Wednesday, November 13, 2013

Paving Paradise…..for a Soccer Field?

Field Before Hurricane Sandy
The first anniversary of Hurricane Sandy has just come and gone. The wide open field next to our condo suffered. Over twenty 100 year old trees came down. They flanked the field where I walked my dog each morning and in an instant the field was naked, exposed, without them.  I had secretly named them “sentries” because they ringed an open field – as if guarding it from the wild brush and wetlands that lay beyond.

Over the past year, my dog and I got used to the increased eastern morning light that was left in the wake of Sandy. We adapted to the increased noise from the nearby heavily trafficked road.  The debris was cleared and new brush and grassy knolls remained.
In The Wake of Sandy

At least until a week ago.  Then the surveyors and landscapers began walking the field, and taking measurements. I saw some trees and evergreens and felt excited that there would be replanted. Instead,  two days ago, several majestic oaks and maples and pines which had survived Sandy, met their next predator. The Village of Briarcliff Manor which deemed a new soccer field more important than several mighty old trees who’d survived Sandy. They were felled in an afternoon – to make way for a “level field” for soccer.

Gone is the serenity of a natural state, replaced by some village planner’s idea of natural landscape. A “level” field ringed by shrubs and manicured plantings, instead of natural brush and gentle slopes and knolls.  Gone too is my cat Cody who happened to wander out that day and must’ve encountered the earth moving and the upheaval of it all.  I could only think of Eddie Murphy as Dr. Doolittle – trying to save the habitat for all the animals who once called the trees and forest and brush their home. Only this is no movie; this is my neighborhood.

The Latest Carnage
In my youth Joni Mitchell sang of paving  paradise to put up a parking lot. She was ahead of her time. Only now it is more than parking lots that are assaulting our lives. We have plenty of soccer fields, school fields and organized athletics. How much natural land remains for us to traverse and feel at peace and at one with the earth?

I miss my morning sentries –and with this latest assault, I feel the pain of the land that we continue to distort for ends that I don't see as "improvements." To me, it only moves us further from nature, spirit and grace of God.  And I'm not particularly religious.

With this latest upheaval I am determined to move away soon. I don’t want to live in a community where an administrative edict to serve a few, trumps Mother Nature. I miss the land as it was and I miss my cat who could no longer navigate the landscape he’d known for 5 years. 
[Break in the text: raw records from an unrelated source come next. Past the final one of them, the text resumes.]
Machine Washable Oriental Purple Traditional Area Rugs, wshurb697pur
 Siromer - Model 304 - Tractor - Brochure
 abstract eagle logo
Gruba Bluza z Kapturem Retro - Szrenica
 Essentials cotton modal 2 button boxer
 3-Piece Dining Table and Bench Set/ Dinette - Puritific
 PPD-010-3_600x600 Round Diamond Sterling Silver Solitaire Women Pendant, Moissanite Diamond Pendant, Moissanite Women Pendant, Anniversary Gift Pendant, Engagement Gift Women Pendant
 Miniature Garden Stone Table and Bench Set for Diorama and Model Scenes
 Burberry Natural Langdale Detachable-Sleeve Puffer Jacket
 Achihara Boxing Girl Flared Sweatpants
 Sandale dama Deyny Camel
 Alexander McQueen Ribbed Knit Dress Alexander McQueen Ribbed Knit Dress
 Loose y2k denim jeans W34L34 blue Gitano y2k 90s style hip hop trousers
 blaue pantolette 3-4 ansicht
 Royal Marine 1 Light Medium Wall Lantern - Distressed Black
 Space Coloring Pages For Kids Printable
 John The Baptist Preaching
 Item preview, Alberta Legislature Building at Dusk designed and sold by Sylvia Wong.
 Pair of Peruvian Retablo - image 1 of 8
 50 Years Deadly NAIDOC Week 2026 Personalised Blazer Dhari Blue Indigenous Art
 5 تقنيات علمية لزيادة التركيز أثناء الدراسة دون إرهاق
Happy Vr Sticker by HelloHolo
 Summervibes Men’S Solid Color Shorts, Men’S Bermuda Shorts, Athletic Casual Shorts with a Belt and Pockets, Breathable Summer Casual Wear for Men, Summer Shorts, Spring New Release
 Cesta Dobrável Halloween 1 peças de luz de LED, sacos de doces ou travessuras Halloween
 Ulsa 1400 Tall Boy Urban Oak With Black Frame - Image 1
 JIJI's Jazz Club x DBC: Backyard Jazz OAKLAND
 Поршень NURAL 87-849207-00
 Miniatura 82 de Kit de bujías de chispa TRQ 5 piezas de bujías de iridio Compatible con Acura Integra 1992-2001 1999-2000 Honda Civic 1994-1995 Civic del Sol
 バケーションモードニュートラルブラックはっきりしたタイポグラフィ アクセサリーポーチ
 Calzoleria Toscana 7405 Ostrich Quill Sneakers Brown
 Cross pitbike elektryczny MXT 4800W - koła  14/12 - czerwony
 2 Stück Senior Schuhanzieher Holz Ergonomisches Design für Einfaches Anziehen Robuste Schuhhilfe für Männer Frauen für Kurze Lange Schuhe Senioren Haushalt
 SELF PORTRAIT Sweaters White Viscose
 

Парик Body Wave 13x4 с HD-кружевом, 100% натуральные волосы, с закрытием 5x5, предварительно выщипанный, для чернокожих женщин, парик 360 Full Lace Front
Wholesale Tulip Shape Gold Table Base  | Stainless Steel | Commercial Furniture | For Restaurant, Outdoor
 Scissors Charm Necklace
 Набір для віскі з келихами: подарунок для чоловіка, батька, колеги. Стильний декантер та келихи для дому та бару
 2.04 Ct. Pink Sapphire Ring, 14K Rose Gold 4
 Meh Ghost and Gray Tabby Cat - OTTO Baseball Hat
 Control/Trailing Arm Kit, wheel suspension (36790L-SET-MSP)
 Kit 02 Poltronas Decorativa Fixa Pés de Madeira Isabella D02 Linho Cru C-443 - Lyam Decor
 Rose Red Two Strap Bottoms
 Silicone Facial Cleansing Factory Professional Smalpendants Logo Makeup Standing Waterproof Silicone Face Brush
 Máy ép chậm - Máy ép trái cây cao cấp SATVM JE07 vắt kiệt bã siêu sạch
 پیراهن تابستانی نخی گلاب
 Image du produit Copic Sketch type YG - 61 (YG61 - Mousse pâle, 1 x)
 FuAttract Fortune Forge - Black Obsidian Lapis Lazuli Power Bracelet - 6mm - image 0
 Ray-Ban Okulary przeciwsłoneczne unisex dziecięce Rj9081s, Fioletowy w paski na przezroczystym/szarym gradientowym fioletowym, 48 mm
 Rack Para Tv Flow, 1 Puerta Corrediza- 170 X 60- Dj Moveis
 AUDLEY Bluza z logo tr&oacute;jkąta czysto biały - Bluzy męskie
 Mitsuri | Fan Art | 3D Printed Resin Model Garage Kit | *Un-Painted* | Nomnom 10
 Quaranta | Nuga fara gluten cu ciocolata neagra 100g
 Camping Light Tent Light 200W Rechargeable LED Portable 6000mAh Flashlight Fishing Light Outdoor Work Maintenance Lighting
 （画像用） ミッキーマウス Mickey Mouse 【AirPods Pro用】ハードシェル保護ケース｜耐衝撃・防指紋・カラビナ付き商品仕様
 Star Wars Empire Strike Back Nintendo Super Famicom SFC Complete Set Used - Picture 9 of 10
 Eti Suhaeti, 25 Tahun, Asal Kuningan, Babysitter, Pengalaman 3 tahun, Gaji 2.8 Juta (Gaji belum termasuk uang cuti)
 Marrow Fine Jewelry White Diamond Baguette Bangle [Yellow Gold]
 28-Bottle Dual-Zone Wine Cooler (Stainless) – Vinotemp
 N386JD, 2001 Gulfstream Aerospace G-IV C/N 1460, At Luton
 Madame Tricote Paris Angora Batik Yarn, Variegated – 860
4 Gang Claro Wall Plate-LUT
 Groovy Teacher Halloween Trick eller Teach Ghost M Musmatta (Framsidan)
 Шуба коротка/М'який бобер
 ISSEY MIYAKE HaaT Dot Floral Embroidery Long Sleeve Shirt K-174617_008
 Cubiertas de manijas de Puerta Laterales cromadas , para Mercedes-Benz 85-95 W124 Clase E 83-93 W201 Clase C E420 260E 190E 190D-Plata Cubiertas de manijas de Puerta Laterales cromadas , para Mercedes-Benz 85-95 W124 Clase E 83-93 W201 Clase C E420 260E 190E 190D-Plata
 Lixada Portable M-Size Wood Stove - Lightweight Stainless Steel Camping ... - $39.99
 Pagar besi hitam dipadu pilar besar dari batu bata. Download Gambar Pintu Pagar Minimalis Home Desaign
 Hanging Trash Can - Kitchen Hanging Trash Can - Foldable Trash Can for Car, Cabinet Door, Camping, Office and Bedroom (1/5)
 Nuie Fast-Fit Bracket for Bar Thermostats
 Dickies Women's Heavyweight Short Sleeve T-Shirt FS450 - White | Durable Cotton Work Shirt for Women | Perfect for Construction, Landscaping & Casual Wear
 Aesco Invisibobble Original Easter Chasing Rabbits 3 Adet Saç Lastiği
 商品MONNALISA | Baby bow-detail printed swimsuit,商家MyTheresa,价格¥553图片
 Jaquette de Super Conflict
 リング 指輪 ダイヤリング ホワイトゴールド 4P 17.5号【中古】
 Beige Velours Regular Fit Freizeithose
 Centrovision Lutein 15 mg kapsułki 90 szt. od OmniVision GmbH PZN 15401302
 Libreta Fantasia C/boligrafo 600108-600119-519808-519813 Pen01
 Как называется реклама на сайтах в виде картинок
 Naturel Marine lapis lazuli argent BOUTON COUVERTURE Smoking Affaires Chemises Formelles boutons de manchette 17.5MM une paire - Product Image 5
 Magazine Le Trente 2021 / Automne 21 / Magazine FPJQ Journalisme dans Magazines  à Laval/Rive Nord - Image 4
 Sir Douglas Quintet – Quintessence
Some things we can’t help – like Hurricane Sandy. But some things we can.  Moving our kids into ever constant sports, afterschool activities , celebrity acquisitive money grubbing culture – well to me it makes no sense.  When I was a kid – we just played in the yard and it was lots of fun. Not everything had to be organized, cultivated or manicured.

When will we ever learn? When will we ever learn?